Con ocasión de la visita de Benedicto XVI a Compostela y Barcelona, los grupos defensores del laicismo se han echado a la calle con sus reivindicaciones, personalizadas en el Papa bávaro, bajo el lema de que ellos no le esperan.

Defienden para España la laicidad y que ni un duro de las arcas públicas vaya a parar a la Iglesia Católica o a sus manifestaciones religiosas. Sostienen su demanda en que España es un Estado aconfesional. Es cierta esa definición del Estado, en la medida que significa que ninguna religión tiene carácter oficial, contrariamente a lo que acontece en Suecia, Noruega, Dinamarca, Inglaterra o Grecia. Lo que acontece es que se olvidan de que, acto seguido, el mismo artículo 16 de la Constitución dispone que «los poderes públicos tendrán en cuenta las creencias religiosas de la sociedad española y mantendrán las correspondientes relaciones de cooperación con la Iglesia Católica y demás confesiones».

Se podría estar de acuerdo con las pretensiones de los grupos laicistas, pero el problema surge con ese mandato constitucional. Para que el Estado se desentienda totalmente de la Iglesia Católica y demás confesiones religiosas es necesario modificar el artículo de la Constitución que se ha transcrito. En tanto no sea así, los poderes públicos tienen la obligación de cooperar con las organizaciones religiosas y, especialmente, con la Iglesia Católica.

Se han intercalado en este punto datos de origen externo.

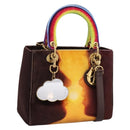 Christian Dior Lady Dior Ladyart x Friedrich Knass Bag Velvet 2way Auth 198612SM-1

Posiblemente lo ideal fuera que las diferentes confesiones religiosas se sostuvieran con las aportaciones de sus fieles. Pero también y por las mismas, debería ser así con los partidos políticos, los sindicatos, las organizaciones patronales y, sobre todo, con las sedicentes organizaciones no gubernamentales, que para eso se llaman de esa manera. ¿Por qué diablos tiene que ir un cacho de mis impuestos a sociedades a las que no pertenezco y que, en muchos casos, me importan un bledo?

Sería ideal esa situación, pero se muestra totalmente utópica. No vamos a meter el dedo en la llaga para averiguar si todos, muchos o algunos de esos grupos defensores del laicismo a ultranza maman también de las ubres del erario público. Sólo una rápida ojeada por el mundo nos hará comprender qué lejos de ese laicismo a rajatabla se encuentran en la práctica la totalidad de los países, incluidos los más militantes.

Fijémonos, por ejemplo, en Alemania donde, en virtud del «Reichskonkordat», nada menos que el 8 por 100 de los impuestos van a la Iglesia Católica y otro tanto a la luterana. Más significativo puede ser Estados Unidos, porque nació de herejes huidos y, en cambio, los contribuyentes pueden deducir de sus impuestos lo que cada uno pague a alguna de las miles de confesiones existentes. Pero la esencia del laicismo es Francia y, curiosamente, allí las catedrales y las iglesias son propiedad del Estado, que las mantiene, pero las presta gratuitamente a la Iglesia para el culto. Hasta el más laico viste santos.